The Supreme court has banned sale of liquor on national and state highways and in any shops within 500 metres from the highways, saying that drunken driving is the main cause of increased road accidents. The judgment ordered that the prohibition on sale of liquor alongside highways would also extend to stretches that fall within limits of municipal corporations, city towns and local authorities.
A Bench of Chief Justice of India T.S. Thakur and Justices D.Y. Chandrachud and L. Nageswara Rao said the licences of liquor shops across the highways will not be renewed after March 31, 2017.

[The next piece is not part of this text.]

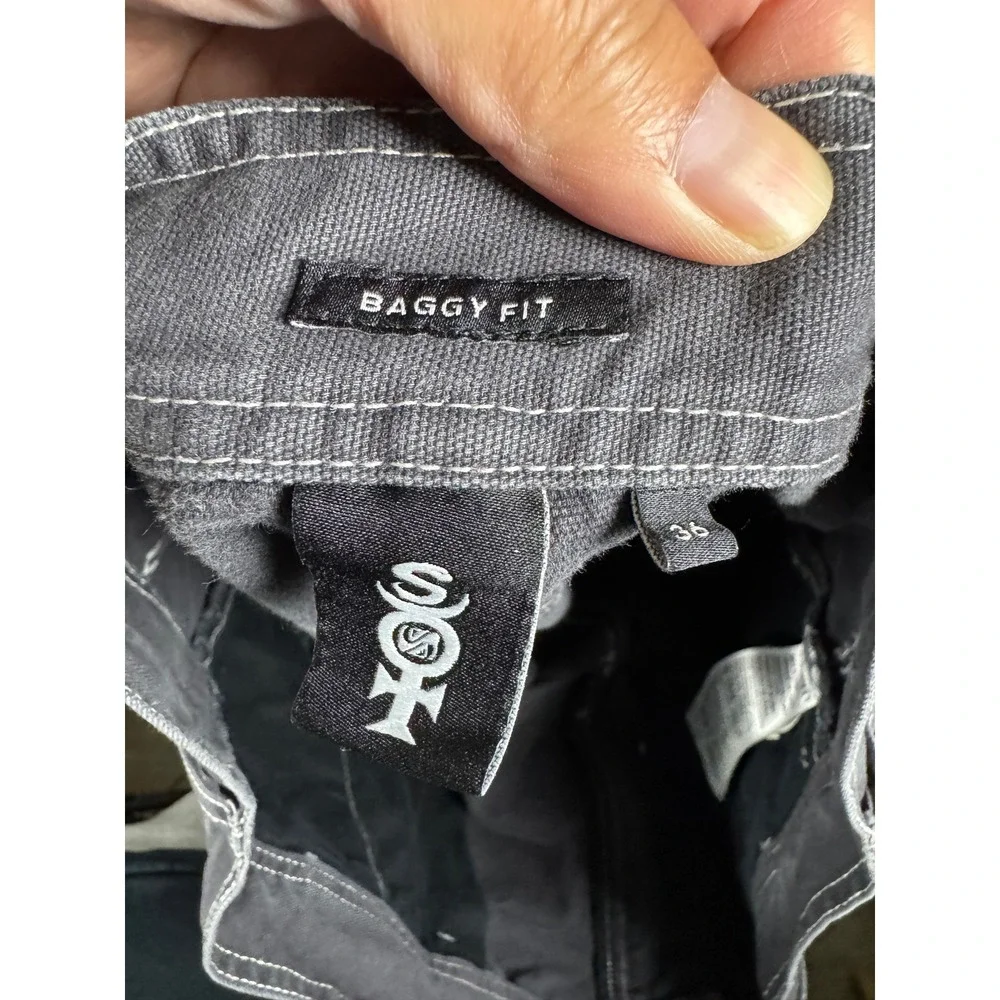Y2K Quiksilver Tridagger Men Baggy Fit Carpenter Pants 36 Faded Gray Skate 2000s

Remove all sign boards of liquor- Visibility is the first temptation
This is how the judgement read: “We would not like any vend on national highways, state highways, advertisements, or signage about availability of liquor shops. All signboards should be removed. Roads should be absolutely free from any distraction or attractions. Visibility is the first temptation.”
1.5 lakh fatalities annually in road accidents
Blaming the centre and state governments for not doing enough to prevent the high accident rates, the apex court directed the Chief Secretaries and police chiefs of all state governments and union territories to strictly enforce the ban.
“An analysis of road accident data 2015 reveals that around 1,374 accidents and 400 deaths take place every day on Indian roads, resulting in 57 accidents and loss of 17 lives on an average every hour.”
Are the state governments backing liquor lobbies?
Questioning the state governments of allowing free sale of liquor on highways inspite of the glaring increase in road accidents, the Supreme court wondered if revenue from liquor sales was the only concern. The court was shocked to learn that there were 62 liquor shops along a 1km stretch on the national highway in Mahe district, Puducherry. The place is a haven for tipplers from Kerala where drinking and sale of alcohol is prohibited.